There should be a joint housing protocol which maps out how the local housing authority will work with children's social care; the youth secure estate; prisons; the National Probation Service; Youth Offending Services and other interested agencies that may be involved with a young person, to support the release of children from custody and secure accommodation and ensure that adequate pre-release planning is in place and that suitable accommodation forms a central part of this. This should include details such as identifying who will collect the young person and the sources of support after their release.
In the event of a Relevant or Former Relevant Young Person breaking off contact and/or not engaging with the agreed support and advice being offered, a review of the Pathway Plan may take place by telephone, e-mail or letter. In these circumstances the Personal Advisor will attempt to negotiate a revised plan that is acceptable to all parties.
Where contact is lost, the emphasis of the Pathway Plan Review will switch to record how attempts will be made to re-establish contact and these efforts will be reviewed within the established system.
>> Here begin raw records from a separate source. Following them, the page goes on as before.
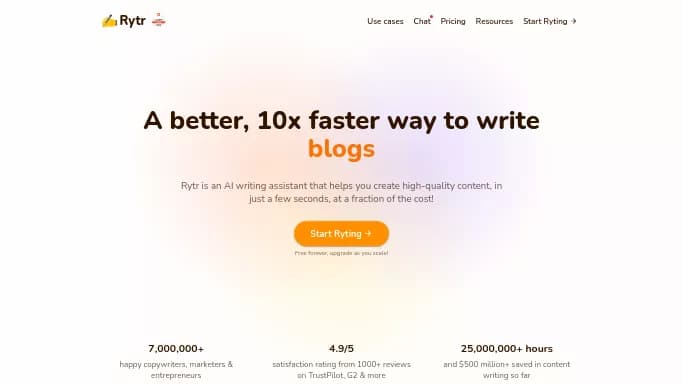 Rytr — бесплатная нейросеть   для написания текста,  для копирайтинга. Бесплатная версия с ограниченным функционалом, есть платные тарифы.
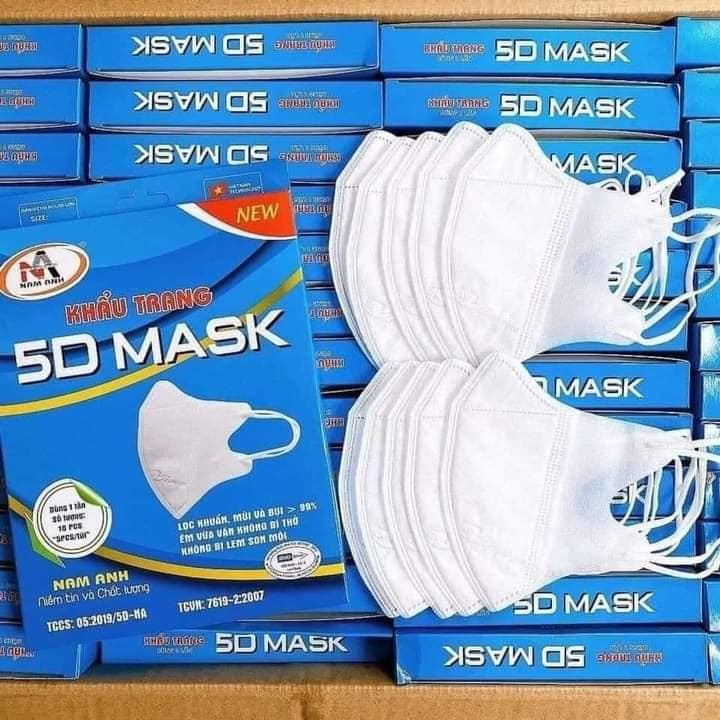 Khẩu trang y tế 5D MASK MÀU TRẮNG - Quai Thun - kháng khuẩn Famapro (Nam Anh)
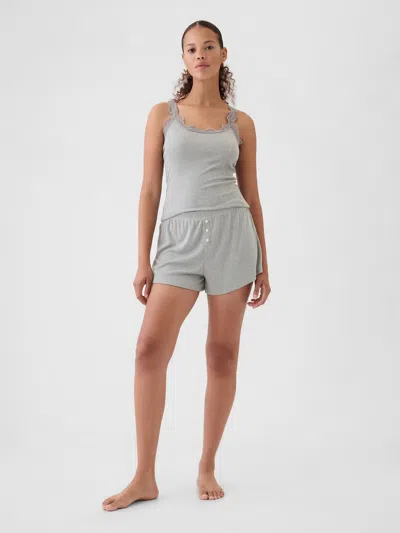 Gap Mini Rib Pj Shorts In Light Grey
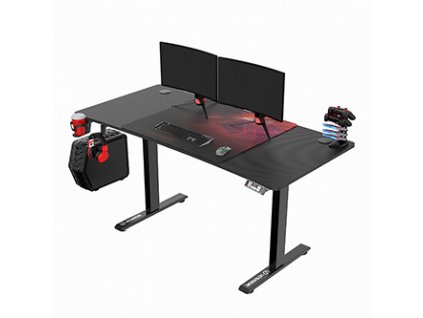 ULTRADESK Herní stůl LEVEL V2 RED, 140x68cm, 72-117cm, elektricky nastavitelná výška, s XXL podložkou pod myš, držák sluchátek i n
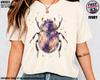 Watercolor Scarab Beetle Tee, Purple Gold Insect Art Shirt (100% Cotton)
A route back for the young person or care leaver to seek support in the future should be kept open and communicated, (even after they have reached 21 and made a decision not to engage any further at that stage) for example by sending birthday cards and appropriate festive greetings, and ensuring that the young person receives any circulated information about The Local Offer or events in which they may have an interest.Where a Pathway Plan is amended, the Personal Advisor will amend the Plan. Any necessary approval to the amended financial arrangements will be sought from the Designated Manager. Once the changes are approved, the Personal Advisor will send a copy of the amended Plan to the young person, and the Designated Manager.
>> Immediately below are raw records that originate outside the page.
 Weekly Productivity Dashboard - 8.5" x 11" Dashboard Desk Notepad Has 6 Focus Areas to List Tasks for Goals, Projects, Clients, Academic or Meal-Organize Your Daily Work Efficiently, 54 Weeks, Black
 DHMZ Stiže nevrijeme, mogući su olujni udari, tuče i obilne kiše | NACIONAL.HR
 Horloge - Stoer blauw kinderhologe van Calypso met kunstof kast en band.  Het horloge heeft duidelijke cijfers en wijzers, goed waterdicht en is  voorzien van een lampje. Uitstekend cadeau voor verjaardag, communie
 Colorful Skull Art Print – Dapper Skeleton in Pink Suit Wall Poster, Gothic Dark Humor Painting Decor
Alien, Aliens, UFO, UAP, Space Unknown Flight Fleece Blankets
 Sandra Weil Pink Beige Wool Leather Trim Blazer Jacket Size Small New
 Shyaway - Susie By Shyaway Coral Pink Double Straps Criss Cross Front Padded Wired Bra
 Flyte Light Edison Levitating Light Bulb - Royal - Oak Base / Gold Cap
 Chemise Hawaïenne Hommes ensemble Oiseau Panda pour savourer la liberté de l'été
6. Joint Housing Protocols for Care Leavers
This joint housing protocol sets out the commitments, as corporate parents, local authorities should develop to commission and maintain accommodation for care leavers and how these, through their joint protocols, should be delivered in practice. The Guidance acknowledges the range of help and support care leavers require through a variety of circumstances, together with the duty local authorities have to prevent homelessness. The Guidance also reflects the importance of including the young person's views and feelings together with those who are involved with them.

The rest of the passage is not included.